Add the import and __all__ entry in src/REvoDesign/sidechain/mutate_runner/__init__.py:

from .YourSolver import YourSolver_worker

__all__ = [
    ...,
    "YourSolver_worker",
]

Also add a compatibility import in src/REvoDesign/sidechain/sidechain_solver.py if needed for explicit imports by external callers.
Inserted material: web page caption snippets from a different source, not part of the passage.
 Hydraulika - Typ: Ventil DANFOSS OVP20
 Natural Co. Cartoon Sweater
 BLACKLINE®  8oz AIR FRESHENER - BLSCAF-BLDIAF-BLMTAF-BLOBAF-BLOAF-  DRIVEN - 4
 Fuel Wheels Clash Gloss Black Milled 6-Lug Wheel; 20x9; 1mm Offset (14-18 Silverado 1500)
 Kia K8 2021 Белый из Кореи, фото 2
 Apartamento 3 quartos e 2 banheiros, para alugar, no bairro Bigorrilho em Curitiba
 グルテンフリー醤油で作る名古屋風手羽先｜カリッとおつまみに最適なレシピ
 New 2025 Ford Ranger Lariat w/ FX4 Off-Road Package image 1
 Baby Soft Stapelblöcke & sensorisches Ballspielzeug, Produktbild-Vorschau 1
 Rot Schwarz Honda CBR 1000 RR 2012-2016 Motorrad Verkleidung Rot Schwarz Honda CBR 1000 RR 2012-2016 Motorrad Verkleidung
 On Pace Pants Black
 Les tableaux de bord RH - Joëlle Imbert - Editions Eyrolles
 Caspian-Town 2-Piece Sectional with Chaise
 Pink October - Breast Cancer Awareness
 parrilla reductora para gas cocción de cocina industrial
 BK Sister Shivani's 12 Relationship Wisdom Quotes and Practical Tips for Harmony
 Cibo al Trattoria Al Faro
Note that registry auto-discovery does not require this step, but it keeps compatibility symbols explicit.

Step D: Install metadata

Add an optional-dependency entry in pyproject.toml under [project.optional-dependencies]:

your_solver = [
    "your_solver @ git+https://github.com/<owner>/<repo>.git#egg=your_solver",
]

Add an installer extras entry in jsons/REvoDesignExtrasTableRich.json with fields for name, extras_id, depts (package list), python_version bounds, and an optional description.

Step E: Wire tests

  1. Add your runner to tests/sidechain/test_sidechain_solvers.py matrix. Keep skip-on-not-installed behavior via the existing helper.
  2. Add a focused unit test (e.g. tests/sidechain/test_<solver>_runner_config.py) with mocked third-party modules covering:
  3. Request construction from REvoDesign runner inputs.
  4. Config mapping and model/backend override behavior.
  5. Output rename to <short_mutant_id>.pdb.
  6. Concurrency/resource policy if custom.

4. Interface contract

The runner must satisfy these invariants:

  • Return existing PDB file paths.
  • Preserve mutant order in run_mutate_parallel return list.
  • No silent mismatch between number of mutants and outputs.
  • Avoid output collisions in parallel mode.
  • Be robust with nproc=None, small/large nproc, and empty mutant lists.

For UI model dropdown support:

  • Expose model/backend options via weights_preset.
  • Set a safe default_weight_preset.
  • Map use_model override in __init__.

5. Validation

Syntax check

python -m compileall src/REvoDesign/sidechain/mutate_runner/<Solver>.py

Sidechain matrix

conda run -n <env> make kw-test PYTEST_KW='"sidechain and solver"'

Focused runner test

conda run -n <env> /bin/zsh -lc 'mkdir -p tmp-test-dir-with-unique-name && \
  cd tmp-test-dir-with-unique-name && \
  python -m pytest ../tests/sidechain/test_<solver>_runner_config.py -q'

Expected outcomes

  • Existing solver tests remain green.
  • New solver is either PASSED if dependency installed, or SKIPPED if intentionally not installed.
  • Focused unit tests pass fully (they use mocks).

6. Common pitfalls

Output file collision in parallel mode: Create per-mutant unique working output directories and normalize final outputs to the expected naming pattern.

Model/backend UI dropdown does nothing: Define weights_preset and default_weight_preset, and consume use_model in the runner __init__.

Cache-required backends fail intermittently: Validate cache before inference and auto-bootstrap once on miss when the policy allows.

Over-committing CPU: Cap worker count to min(requested_nproc, len(mutants), os.cpu_count()). For heavy solvers, enforce one-mutant-one-core semantics.

7. Reference implementations

Use these as templates:

  • src/REvoDesign/sidechain/mutate_runner/DLPackerPytorch.py
  • src/REvoDesign/sidechain/mutate_runner/DiffPack.py
  • tests/sidechain/test_dlpacker_pytorch_runner_config.py
  • tests/sidechain/test_diffpack_runner_config.py

They demonstrate config-driven runner construction, UI model override mapping, output normalization, cache readiness handling, parallel cap behavior, and robust mock-based focused tests.